Do you have the desire to be an entrepreneur?
Are you psychologically strong enough to be an entrepreneur?
Take a look at the following article where it touches on the 6 tests that you need to take in order to be qualify to be prepared to be an entrepreneur.
When most people think about entrepreneurial potential, they tend to gravitate toward intellectual categories of thought: How much business knowledge or acumen do you have? How much experience have you held in this particular industry? Are you creative enough to come up with innovative new approaches?
The answers to these questions are important, but they ignore an entire realm of entrepreneurial traits attached to psychological and emotional health. Entrepreneurship is a demanding gig, and if you aren’t mentally ready for the challenge, it might do more than ruin your attempts to succeed in business — it could negatively impact your life.
Do you have what it takes — mentally and emotionally — to be an entrepreneur? Here are six tests you’d better be ready to face if you want to become an entrepreneur:
First, you’ll need to be prepared to face adversity. You’ll be challenged and opposed as you try to develop your business into a successful enterprise, whether that occurs in the rise of a new competitor or a marketing strategy you can’t quite figure out. There are many potential responses to adversity, but the two big ones are intimidation and resilience.
With intimidation, you may give up in response, or you may continue moving forward but bear stress, doubt, and fear that affect your work in the future. With resilience, you’ll view adversity in a healthier way, understanding it as a temporary setback and committing to work past it.
Look at historical examples in your life; how well do you respond to adversity?
It’s no secret that startups are high-pressure environments, and as an entrepreneur, you’ll be in the hot seat. You’ll have investors asking you about future payoffs, you’ll have clients pushing your deadlines and threatening to leave and you’ll have teammates wondering about the future of the company.
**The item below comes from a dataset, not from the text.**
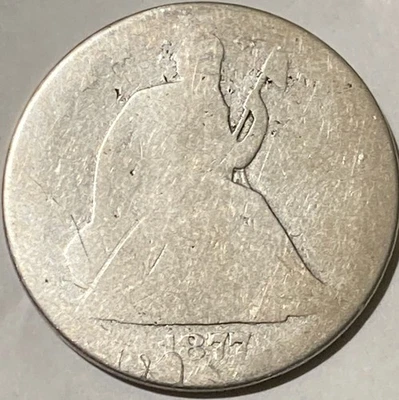 1877 Seated Liberty Half Dollar - Fair Details - Image 1 of 4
The stakes are high, and you’ll be the focal point for many individuals relevant to your business.
How well do you function in a high-pressure environment?
On top of that, you’ll face a level of accountability you may not be used to. There’s nobody above you that can step in to help you make decisions or bear partial responsibility when things go wrong. There won’t be anybody below you, either, making major decisions without your say-so (at least in the early stages).
You’ll be making all the major decisions yourself, and you’ll be the one responsible if anything goes wrong. Your investors, clients and employees will all be ready to blame you, which will make the decision making process even more stressful.
Are you prepared to handle this level of accountability?